Professional support you’ll need
Building the right team around you makes the process smoother and helps you avoid costly pitfalls. Engage with them early to help structure the purchase efficiently.
- Rural surveyor: provides valuation, condition surveys, and advice on any repair obligations or boundary matters. They help negotiate a fair purchase price, taking into account tenancy strength, land quality, and any improvements you’ve made.
- Agricultural solicitor: essential for reviewing contracts, checking legal title, verifying land boundaries, rights of way and easements, identifying any restrictive covenants, mineral rights, or sporting rights, and handling the legal transfer.
- Accountant:advises on tax implications, helps structure the purchase appropriately, and plans for ongoing financial commitments. Careful tax planning is crucial given the potential Stamp Duty Land Tax (SDLT), Capital Gains Tax (CGT), Inheritance Tax (IHT) and VAT liabilities.
- Mortgage specialist: it is best not to approach lenders on your own. Work with a specialist who understands farming finance. They prepare clear comparisons of lending options and highlight which terms, structure and rates suit your situation best.
Useful resources
- Tenant Farmers Association (TFA): advice, resources, and advocacy for tenant farmers. tfa.org.uk
- Central Association of Agricultural Valuers (CAAV): locate qualified agricultural valuers and rural surveyors. caav.org.uk
- Royal Institution of Chartered Surveyors (RICS): directory of chartered surveyors with rural expertise. rics.org
- Agricultural Law Association: find specialist solicitors experienced in farm tenancy purchases. ala.org.uk
- Department for Environment, Food & Rural Affairs (DEFRA): information on agricultural tenancies legislation and your legal rights. gov.uk/defra
There is no central source for finding local accountants who specialise in farming, but we have strong contacts and can make recommendations.
Arranging finance
Most farm purchases require mortgage financing, and getting this right is crucial to long-term success. Agricultural lenders assess your farming track record, business viability, land value, productive capacity, accounts and cash flow projections, and your overall business plan.

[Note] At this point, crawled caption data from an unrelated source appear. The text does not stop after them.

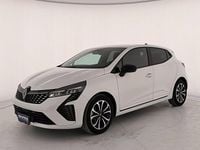 Usata Renault Clio V Techno 101 CV (74 kW) 2024 Bianco Utilitaria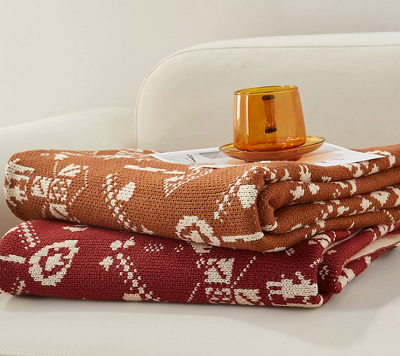 Christmas Style Blanket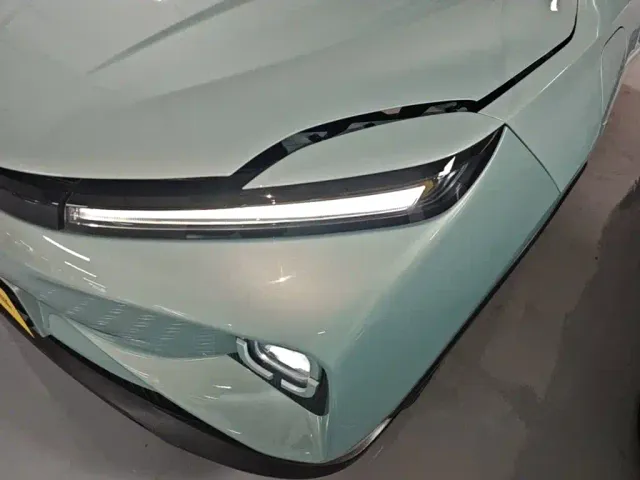 Geely Geometry E Firefly — Фото автомобиля 23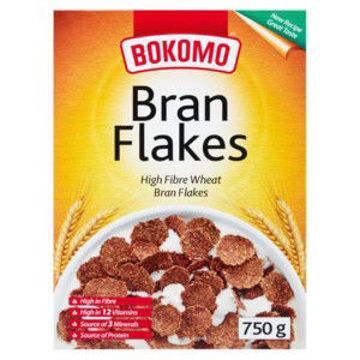 Bokomo Bran Flakes 1 x 750G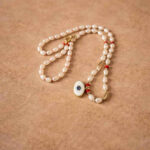 İnci & Porselen Kolye – Pearl Porcelain - Görsel 2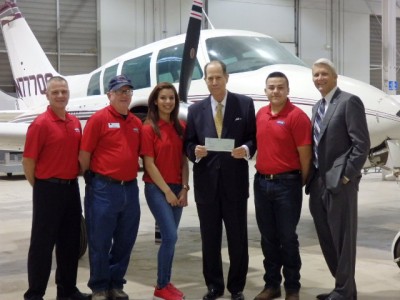 The Dee Howard Foundation Fund awards Grant to Alamo Academies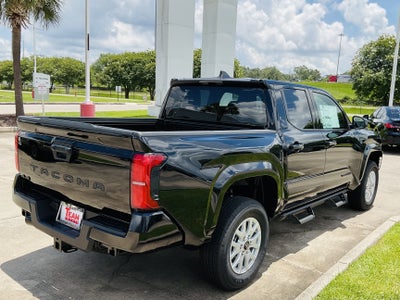 2026 Toyota Tacoma 4WD SR5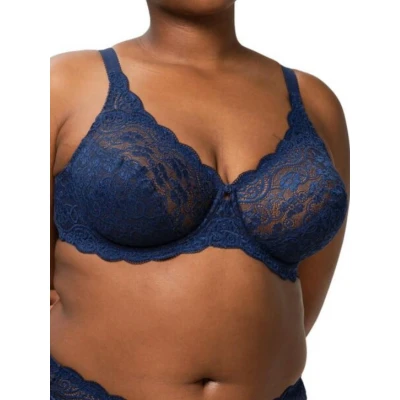 Image of Triumph Womens Amourette 300 W X Bra, Lila, 32B UK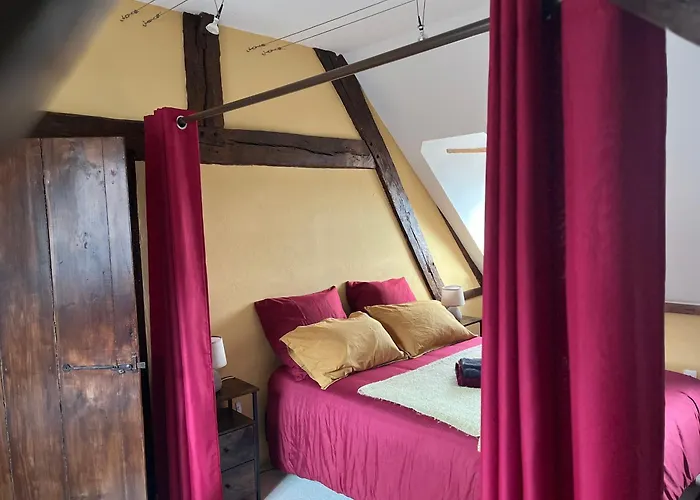 La Fleur De Seine Villequier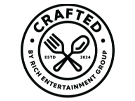 Crafted logo
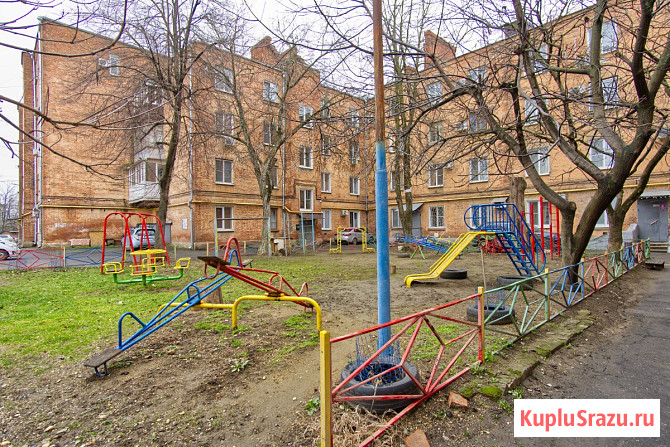 1-комнатная квартира, 18 м², 5/5 эт. на продажу в Краснодаре Краснодар - изображение 2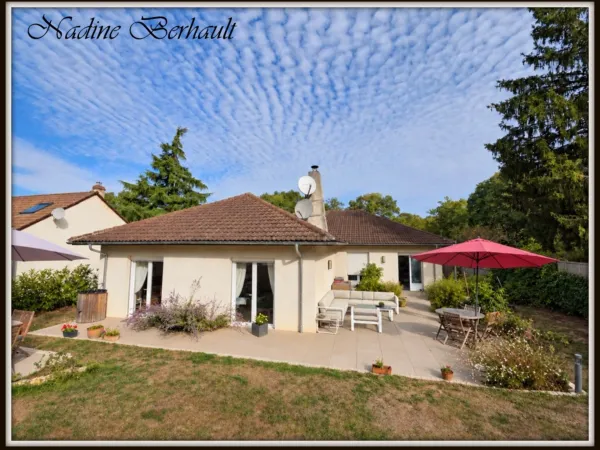 Maison 5 pièces 155 m²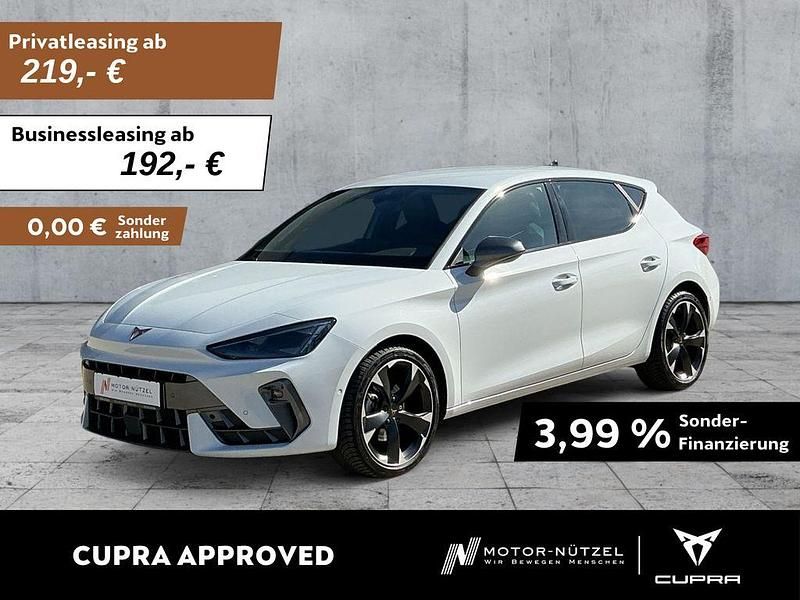Usata Cupra Leon 150 CV (110 kW) 2025 Berlina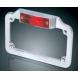 LIGHTED LICENSE PLATE FRAME
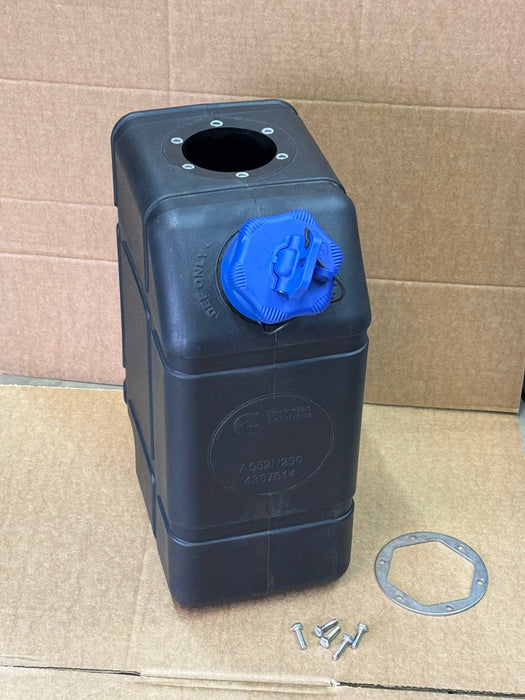 4387614 | Genuine Cummins® Diesel Exhaust Fluid Tank 5 Gallon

Lenders can offer mortgages up to 70% of the freehold value. Importantly, lenders should use the full open market value for mortgage security purposes rather than just your discounted purchase price. Although it is important how the lending proposal is presented as the full open market value might not be used (due to lender policy) for all rural enterprises. This can be invaluable when you’re buying at a significant discount.
Most importantly, engage professional advice early stage to avoid costly mistakes and ensure your proposal is presented in the best way.
Structuring considerations
- Loan terms: typically, 25 years as standard, potentially up to 40 years, with fixed, variable, or blended interest rates. Choose terms that fit your farm income patterns, not just projected best-case scenarios.
- Interest-only options: some lenders offer interest-only initial periods, reducing early cashflow pressure while your business adjusts to ownership.
- Flexibility features: look for lenders who allow periodic overpayments or lump sum repayments with reduced penalties. Farming income varies year to year, and this flexibility can be invaluable during good years.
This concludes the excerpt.